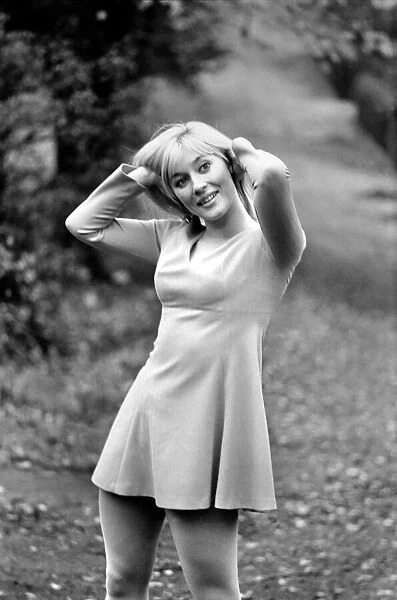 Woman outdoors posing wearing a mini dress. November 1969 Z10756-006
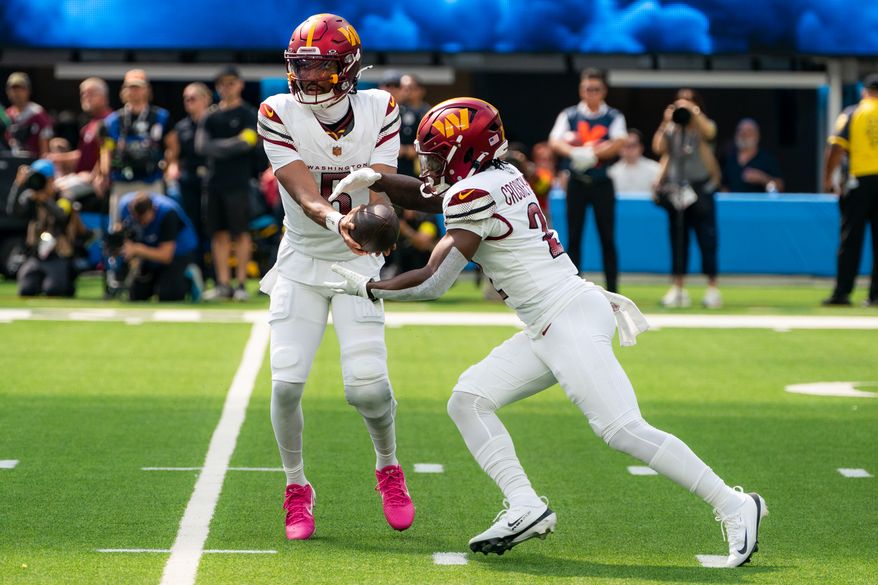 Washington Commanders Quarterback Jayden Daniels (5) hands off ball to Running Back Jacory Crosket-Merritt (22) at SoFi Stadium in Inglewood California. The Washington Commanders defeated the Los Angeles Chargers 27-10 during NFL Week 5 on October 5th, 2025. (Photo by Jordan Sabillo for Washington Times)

...

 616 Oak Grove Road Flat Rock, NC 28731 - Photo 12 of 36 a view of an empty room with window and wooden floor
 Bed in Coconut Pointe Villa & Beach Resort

...

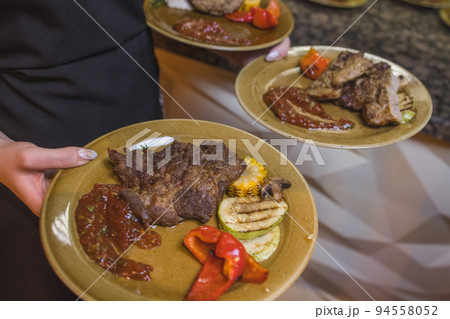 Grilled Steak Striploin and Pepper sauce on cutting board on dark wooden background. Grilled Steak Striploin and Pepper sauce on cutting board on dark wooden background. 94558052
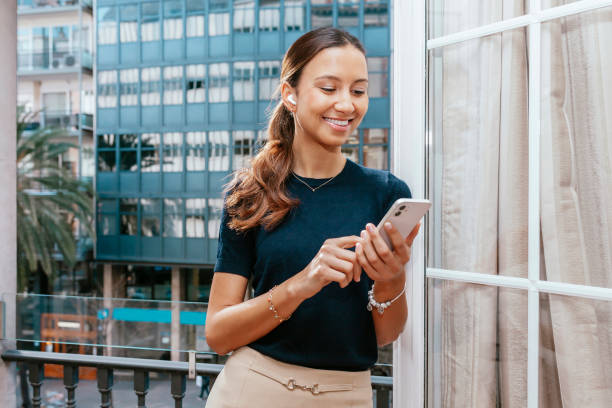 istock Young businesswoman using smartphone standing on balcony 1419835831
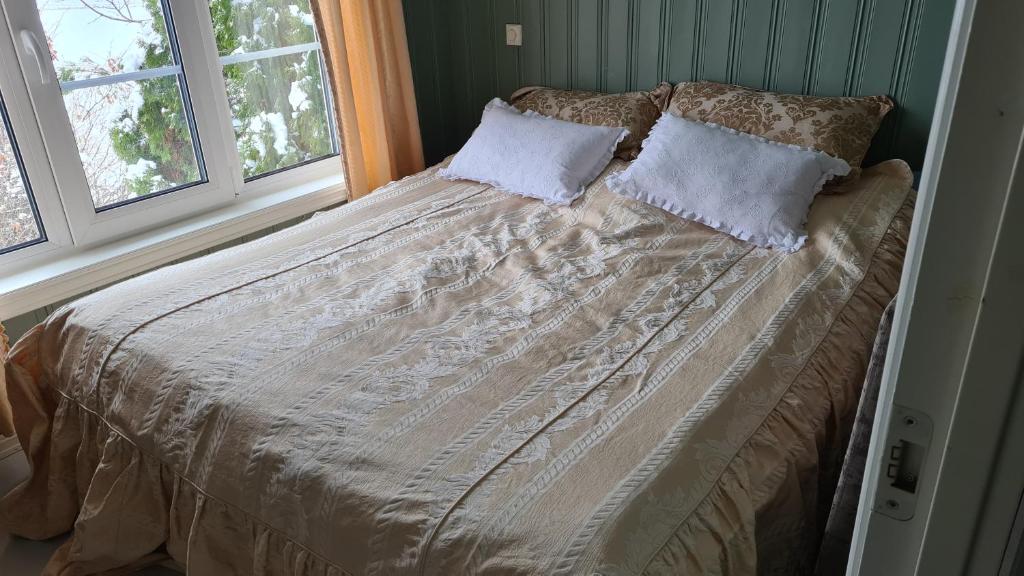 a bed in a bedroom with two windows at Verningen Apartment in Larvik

Work required – Only the lines of the listing above from the one with "Woman outdoors posing" through the one with "Washington Commanders Quarterback" should be output, exactly, with both ends kept and pictures left out.

Your solution –
 Woman outdoors posing wearing a mini dress. November 1969 Z10756-006
 Washington Commanders Quarterback Jayden Daniels (5) hands off ball to Running Back Jacory Crosket-Merritt (22) at SoFi Stadium in Inglewood California. The Washington Commanders defeated the Los Angeles Chargers 27-10 during NFL Week 5 on October 5th, 2025. (Photo by Jordan Sabillo for Washington Times)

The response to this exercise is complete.